Jorgenson, who began his position about two months ago, says his goal is to make sure the plant employees understand the importance of their roles. While workers understand they are working for one of the most iconic delis in America, some of the employees had never been to the deli, so Jorgenson arranged for them to attend a meeting there to see the business in action. Jorgenson wanted them to see the customers they serve.

“It’s good for them to see customers periodically and know that the product they’re making for them has an impact,” Jorgenson says. “They also understand that our customers come from all over, not just New York.”

The employees were happy to see the deli so bustling and alive, Jorgenson says.

“It’s an event going on inside that deli,” he adds.

Dell has led Katz’s for five years. Even though he’s only 26, he knows the business well having grown up in it.
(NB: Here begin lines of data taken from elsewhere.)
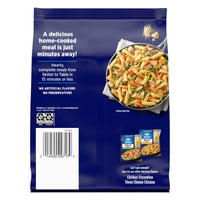 Birds Eye Voila! Alfredo Chicken Skillet Meals, Frozen Meal, 21 oz. Bag — photo 4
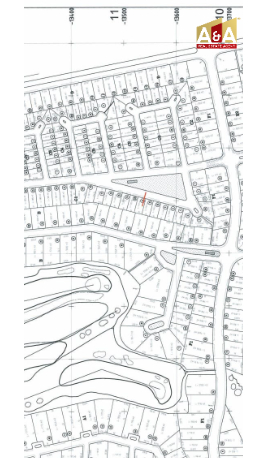 Dijual TanahTaman Golf Citraland Surabaya Barat - Image 1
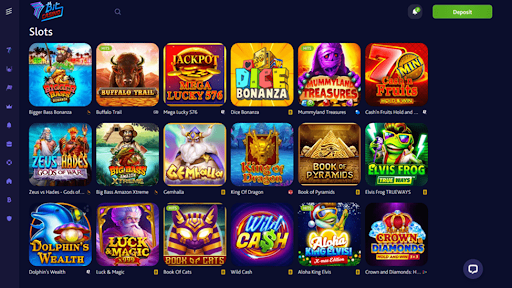 7Bit Casino - Best LTC Casino For Great Slot Games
“It’s a natural fit,” says Dell, noting his upbringing. “It’s about tradition. Once you know the tradition, it’s not that hard.”

People come to Katz’s with the expectation that they will experience tradition, nostalgia, great food and a pinch of New York madness, Dell says. It’s his job to make sure Katz’s delivers.

“Doing it right is everything,” Dell says. “[The key is to] keep your head down and stay humble. I hate the term ‘experts’, but we know what we do, and we do it well.”

While Jorgenson says he’ll keep a close eye on technology and processes to upgrade the plant process, he wants to keep systems and processes in place to help preserve Carnegie’s legacy.

“The key is to keep it simple, and know what your core competencies are,” he says. “Our core competencies are pastrami, corned beef, cheesecake and service. You’re going to get exactly what you got in 1937. That’s how simple it is. We don’t want to try and be something that we’re not.”

Larry Aylward is a freelance writer from Medina, Ohio.